大切なのは“大人が豊かな表情を作ること”

「コミュニケーションの機会が減る中では、周囲の大人が、意識的に表情を豊かにつくることが大切」。
そう指摘するのは、子どもの脳の発達を研究する京都大学の明和政子教授です。

明和教授によると、ことばや感情を理解する能力は小学生になるころまでの「脳発達の感受性期」に特に成長するといいます。子どもたちは相手の豊かに動く表情を見て、それをマネすることで相手の心を理解していくのだそうです。
京都大学大学院 教育学研究科 明和政子教授
京都大学大学院 教育学研究科 明和政子教授
「たとえば目の前にいる人がにっこり笑っている。それをマネして赤ちゃんもにっこり笑う。そして、にっこり笑うと赤ちゃんは“こんな気持ちなんだ”と自分の体を通して理解します。

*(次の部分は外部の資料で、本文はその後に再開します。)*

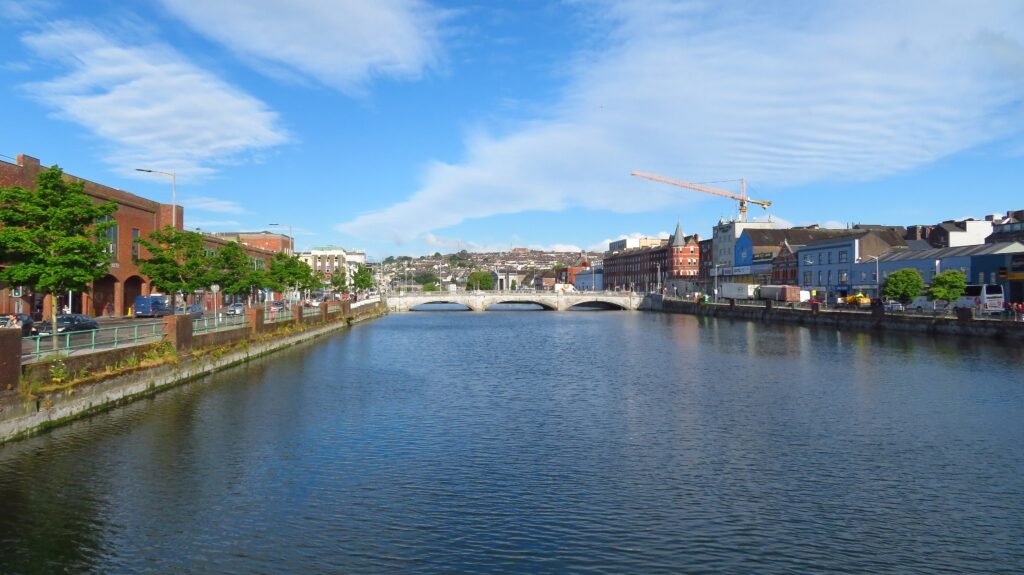 St Patrick’s Bridge crossing the River Lee in central Cork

豊かな表情のマネのしあいは、すごく重要な学習の機会になっているわけです」
さらに明和教授は、リアルな会話だけではなく、テレビやネット動画を見せているときにも大人にできることがあると教えてくれました。
登場人物が笑ったり泣いたりしているシーンでは、子どもをだっこするなどふれあいながら、「あの人笑っているね、楽しそうだね」と教えてあげるのが効果的だといいます。
京都大学大学院 教育学研究科 明和政子教授
「ただ見せるだけでは一過性の興奮や刺激をもたらしますが、効果的な刺激にはなりません。触れ合うことで子どもは心地よさを感じ、脳と心の発達に効果的な支援になります」

イギリスでは総額8000億円の支援も

コロナ禍の子どもの発達を支援しようと、国をあげて取り組んでいるのがイギリスです。
保育園や学校を監査する教育水準局は、この2年間で2度、コロナ禍で子どもの発達に警鐘をならす報告書を発表。これをもとに政府が総額8000億円もの支援を行っています。

オンライン教室の開催、教師や保育士の能力開発、長期休暇中のアクティビティー提供プログラムなど10項目以上にもおよびます。

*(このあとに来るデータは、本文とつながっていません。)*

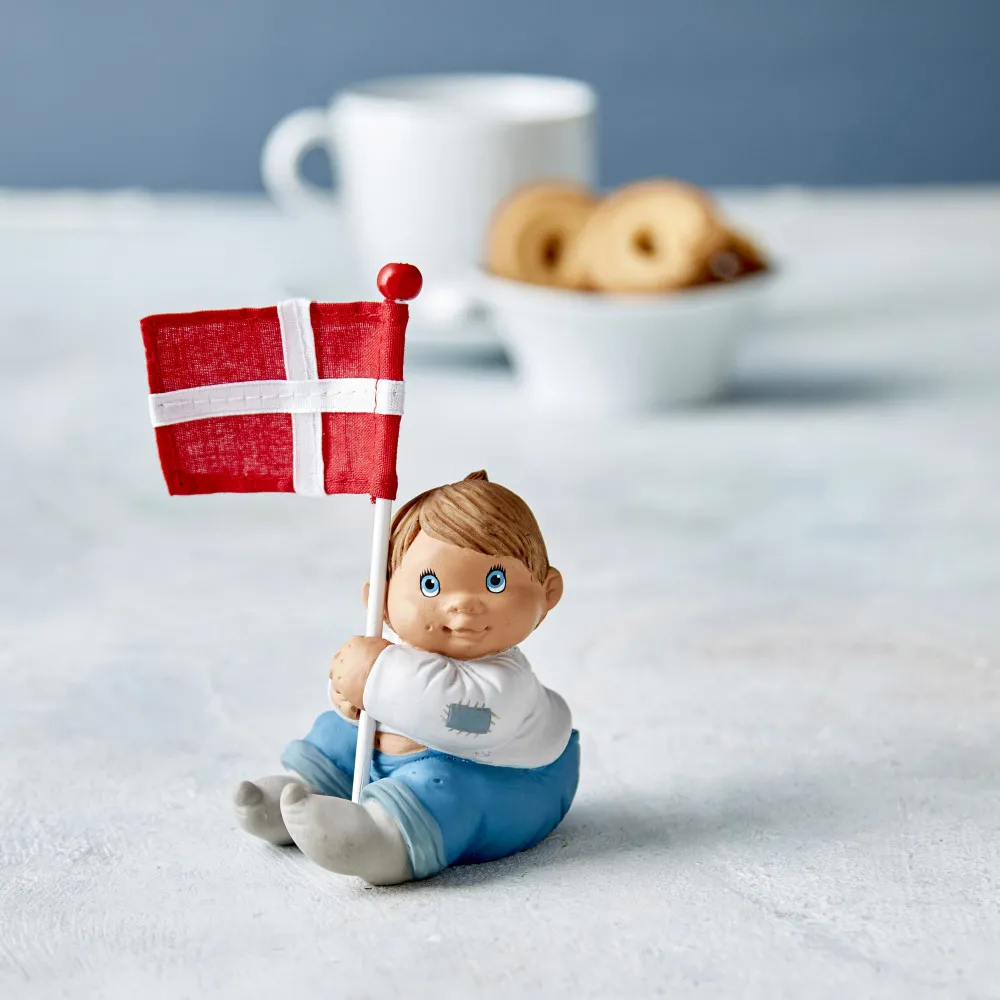 Klarborg Fødselsdagsdreng m. flag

このうちの一つが、小学校入学前の子どもを対象にした「ことばの指導」です。
イギリス政府主導の「言葉の指導」の支援
プログラムは少人数と一対一の個別指導を20週間行います。苦手なことばはなんなのかを教員が把握し、繰り返しことばの手本を示していくなど、きめこまやかな指導が可能となっています。

こうした大人の努力があれば、多くの子どもへの影響は回避できると、担当者は考えています。
イギリス教育水準局 アマンダ・スピールマン主任検査官
イギリス教育水準局 アマンダ・スピールマン主任検査官
「私は楽観的に見ています。多くの子どもたちは遅れを取り戻すだろうと見ていますが、それには教員や両親の懸命な努力が求められます。“子どものために最大限のことをすべき”という強い世論が後押しとなっています」

「逆に子どもが伸びることも」

恵泉女学園大学 大日向雅美学長
最後に話を聞いたのは、半世紀近くにわたって子育ての悩みに耳を傾けてきた恵泉女学園大学の大日向雅美学長です。

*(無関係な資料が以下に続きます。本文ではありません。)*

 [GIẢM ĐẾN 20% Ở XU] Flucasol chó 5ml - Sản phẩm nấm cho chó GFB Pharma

子どもの発達心理が専門の大日向さんは、コロナ禍で失ったものは確かにあるかもしれないとしたうえで、それを意識的に補おうとすることで、子どもの力が逆に伸びることも考えられると話します。

大日向さんが、コミュニケーションを補う方法として勧めるのが、“親の好きな本”を読んであげること。「子どもの成長によさそうだから」といった理由で本を選ぶよりも、親が心から楽しいと思っている本を選ぶのが大切だそうです。子どもはことばだけでものごとを理解しているのではなく、親の真剣さや愛情を少しの声色から読み取ります。それがなによりのコミュニケーションになるといいます。
恵泉女学園大学 大日向雅美学長
「子どもってものすごい力があるんです。(コロナ禍で)なくなったものを嘆くよりも、それに代わるものをどうやって私たち大人や社会が子どもたちに与えることができるかが重要だと思います」
各地での取材を終えたあと、“マスク社会”での子育てに不安を感じていたユミさんに、さまざまな研究や取り組みについて、映像を見せながら紹介しました。
ユミさん
「ちょっと気が楽になりました。失ったものを取り戻すとか、そういうことはできるんだなと思って。ちょっと楽観的になりました」
私たちがお子さんは今どうしているか尋ねると、カメラを持ったまま寝室へと案内してくれました。
ユミさん
「映っていますか?…爆睡です(笑)。息子には“人と関わることを楽しめる人”に育っていってほしいなと思います」
コロナ禍で変化を余儀なくされた、子育てをめぐる環境。
コミュニケーションの機会が減る中で子どもの成長のためになにが必要なのか。各国での取材から改めて見えてきたのは、大人がしっかり向き合うことの大切さと、子どもが持つ可能性の大きさでした。